##### Dataset content

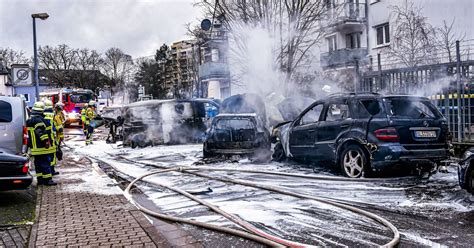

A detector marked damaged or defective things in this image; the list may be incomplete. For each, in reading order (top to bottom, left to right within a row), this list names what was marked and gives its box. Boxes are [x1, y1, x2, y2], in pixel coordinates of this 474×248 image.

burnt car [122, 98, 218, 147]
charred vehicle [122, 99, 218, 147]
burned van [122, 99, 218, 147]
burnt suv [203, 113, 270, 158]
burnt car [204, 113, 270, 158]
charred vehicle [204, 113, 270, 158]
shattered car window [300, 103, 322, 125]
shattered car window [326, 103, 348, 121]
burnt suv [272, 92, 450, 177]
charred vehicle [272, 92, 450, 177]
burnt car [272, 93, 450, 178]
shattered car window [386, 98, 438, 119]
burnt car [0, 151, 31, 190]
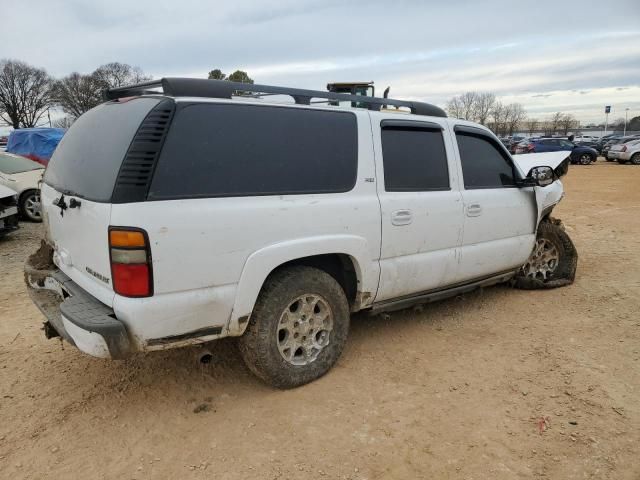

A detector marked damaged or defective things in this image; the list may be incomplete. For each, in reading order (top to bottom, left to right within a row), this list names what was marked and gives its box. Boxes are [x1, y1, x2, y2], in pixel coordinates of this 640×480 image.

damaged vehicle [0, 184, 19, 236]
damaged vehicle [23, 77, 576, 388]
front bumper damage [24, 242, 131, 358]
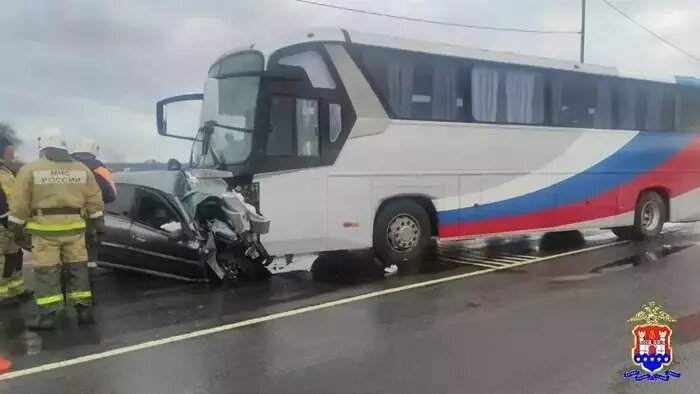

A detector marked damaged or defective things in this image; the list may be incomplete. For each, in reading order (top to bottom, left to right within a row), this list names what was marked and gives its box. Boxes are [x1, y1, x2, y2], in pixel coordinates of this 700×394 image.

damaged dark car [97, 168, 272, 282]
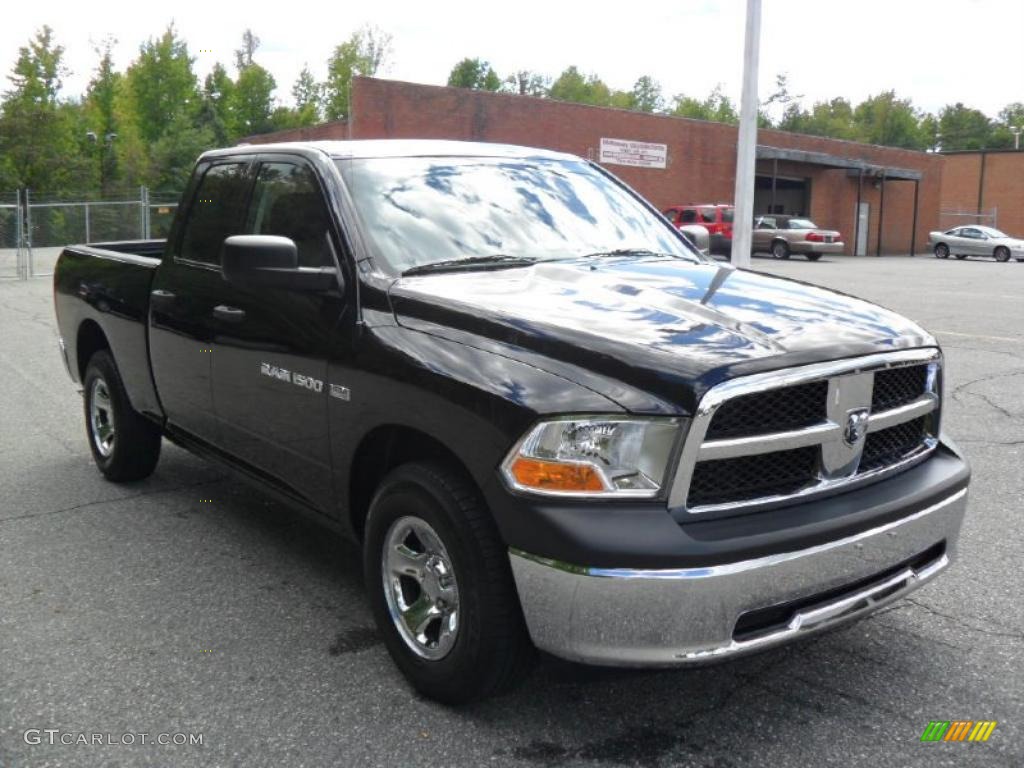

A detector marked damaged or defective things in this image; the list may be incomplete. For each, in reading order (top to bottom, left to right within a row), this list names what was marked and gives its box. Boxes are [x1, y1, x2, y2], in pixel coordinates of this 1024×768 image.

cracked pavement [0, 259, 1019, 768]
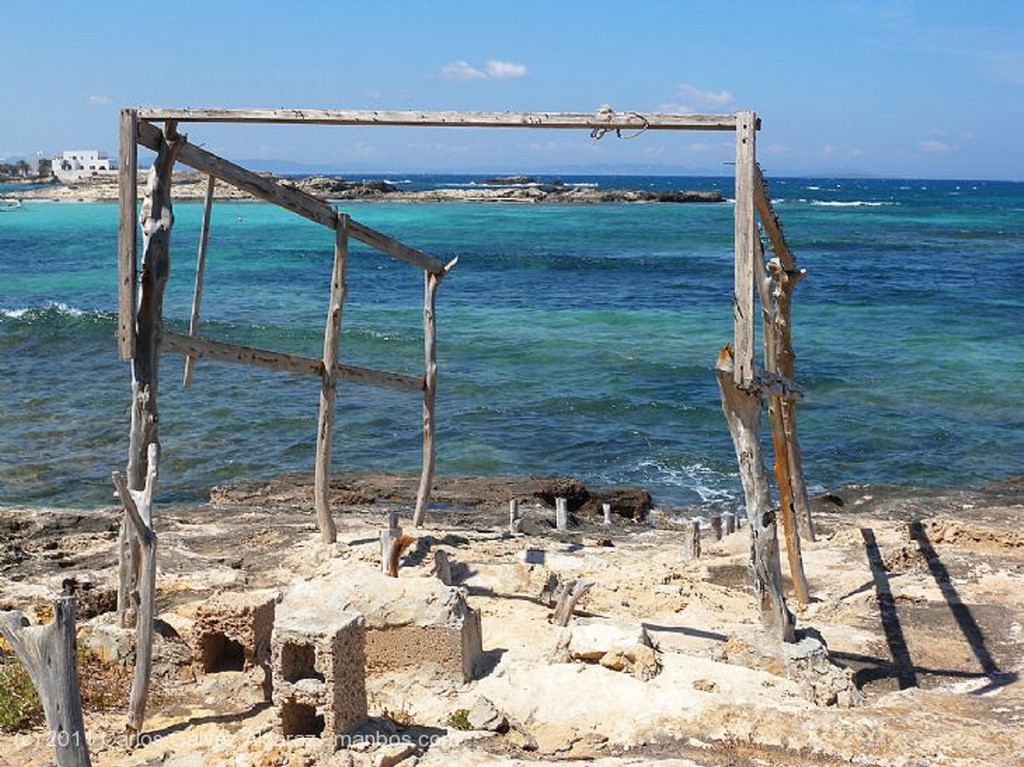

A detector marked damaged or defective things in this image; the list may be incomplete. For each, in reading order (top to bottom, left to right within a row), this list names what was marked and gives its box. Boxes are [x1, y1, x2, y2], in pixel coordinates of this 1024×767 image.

##########

## Activity
Retype the records exactly. Any image in them should not appear in what you write.

## Task response
A detector marked damaged or defective things in this image; the list may be incomplete. For each, in reading order (top to bottom, left to right within a row), this list names what was marked and gives its box. Boxes are [x1, y1, x2, y2], in pixel coordinates of this 474×248 image.

burnt car [122, 98, 218, 147]
charred vehicle [122, 99, 218, 147]
burned van [122, 99, 218, 147]
burnt suv [203, 113, 270, 158]
burnt car [204, 113, 270, 158]
charred vehicle [204, 113, 270, 158]
shattered car window [300, 103, 322, 125]
shattered car window [326, 103, 348, 121]
burnt suv [272, 92, 450, 177]
charred vehicle [272, 92, 450, 177]
burnt car [272, 93, 450, 178]
shattered car window [386, 98, 438, 119]
burnt car [0, 151, 31, 190]

A detector marked damaged or defective things in this image; the list may be incomplete. For each, in reading order (top to bottom, left to right within a row), this list names what was marked and gives its box. Boxes are [x1, y1, x2, y2], in pixel coordinates of this 640×480 image.

damaged vehicle [0, 184, 19, 236]
damaged vehicle [23, 77, 576, 388]
front bumper damage [24, 242, 131, 358]

A detector marked damaged or defective things in this image; the list may be incomplete. For each, in reading order (top to bottom, left to right within a row), this list names what was marked and gives its box. Boxes are [x1, y1, x2, y2], in pixel coordinates of this 700×394 image.

damaged dark car [97, 168, 272, 282]

A detector marked damaged or defective things in this image; the list may be incomplete. For each, in reading order (top to bottom, left to right within a row), this list names what was marked and gives its box. Boxes are [x1, y1, x2, y2], in pixel coordinates of this 1024×768 image.

cracked pavement [0, 259, 1019, 768]

A detector marked damaged or defective things in this image; the list may be incomplete. For each, in reading order (top to bottom, left to right within a row), this list names what was marked and gives its box. Boxes are [x1, y1, x2, y2], in pixel coordinates of this 1024×767 image.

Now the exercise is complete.